Palm oil shipments by Indonesia, the world’s largest producer, probably advanced to the highest level in nine months in November as rising prices prompted exporters to boost supplies. Futures gained.
Sales of palm and kernel oils rose 2.2 percent to 1.9 million tons from October, the median of estimates from five planters, traders and refiners compiled by Bloomberg showed. That’s the highest since February, data from the Indonesian Palm Oil Association show. Production remained at 2.4 million tons for a third month, according to four respondents. That brought output to 24.25 million tons in the first 11 months.
Shippers of the world’s most consumed cooking oil are seeking to increase overseas sales after futures reached a 14-month high in Kuala Lumpur in November. Prices are heading for the first annual gain in three years on speculation Indonesian output will decline for the first time since 1998. Production may drop 500,000 tons to 27.5 million tons, Dorab Mistry, director at Godrej International Ltd., said Nov. 29.
“Producers tried to boost exports after prices gained and shipments will remain high in December” as companies must meet contracts, said Derom Bangun, chairman of the Indonesian Palm Oil Board. He forecasts output of 2.2 million tons in December. That brings the total for the year to 26.45 million tons when added to the number in the Bloomberg surveys.
Futures advanced 5.4 percent this year to 2,570 ringgit ($793) a ton on Bursa Malaysia Derivatives today after reaching 2,692 ringgit on Nov. 22, the highest since September 2012. Palm may average 2,625 ringgit a ton in the second quarter, Rabobank International estimates.
India, the biggest buyer, imported 550,663 tons in November from 534,556 tons a year earlier, according to the Solvent Extractors’ Association of India. Purchases by China, the second-biggest importer, would reach 550,000 tons in December after 500,000 tons in November, a survey showed last week.
While the Indonesian association doesn’t publish inventory and output data, it may release export figures this week. The changes in output and reserves are derived from earlier surveys.
The figure for output in 2013 compares with Bangun’s Nov. 29 estimate of 26.2 million tons. Production will be 26.5 million tons this year from 27 million tons in 2012, according to the median of five grower estimates compiled by Bloomberg last month. The U.S. Department of Agriculture predicts a crop of 28.5 million tons.

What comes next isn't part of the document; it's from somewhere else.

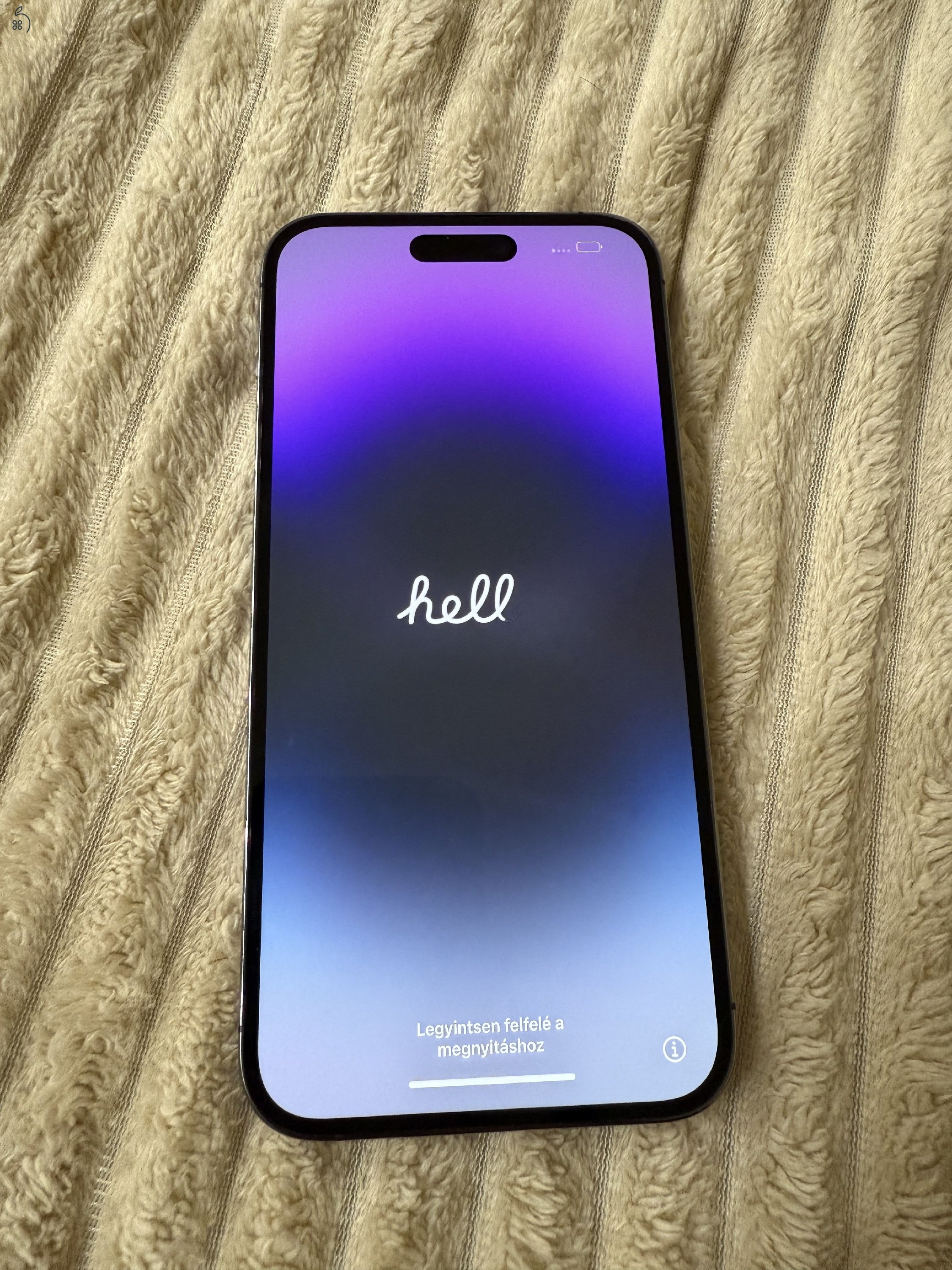 Iphone 14 pro max 256 gb deep purple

Reserves probably rose 2.9 percent to 2.1 million tons in November from a month earlier and may decline to 2 million tons by the end of the year, according to estimates from four producers and refiners.
Supplies will shrink as the country increases the use of palm-based biodiesel, said Sahat Sinaga, executive director at the Indonesian Vegetable Oil Industry Association, who forecasts that exports and reserves may drop to 1.7 million tons and 1.5 million tons in December.
Indonesia raised in September the amount of palm-derived biodiesel that producers must blend into subsidized fuel to 10 percent from 7.5 percent. The requirement will be extended to non-subsidized fuel and industrial users in January and power plants will be obliged to use supply with a 20 percent blend.
A third of output may be used in fuel in one or two years if the government is consistent in applying the policy, Mahendra Siregar, head of the Investment Coordinating Board, said last month. About 3 percent of the crop is used as fuel now, according to the Indonesian Biofuels Producers Association.
Global biofuel demand may expand on larger mandates from Southeast Asia to South America and boost vegetable oil prices, according to Mistry, who expects palm oil production in Indonesia to rebound to 30.5 million tons in 2014.
Output will recover next year to 29.5 million tons as yields increase and new areas mature, Bangun said last month. Exports will be about 18 million tons in 2014 and may drop significantly in the next few years as more supplies are used for biodiesel output.
“Undoubtedly, biodiesel programs are among the strongest bullish drivers for palm prices in 2014,” Rabobank analysts led by Luke Chandler in Sydney, said in a report e-mailed last week. “Delays in implementing these mandates and a decline in crude oil prices could dampen the impact of these programs and reduce bullishness,” said the bank.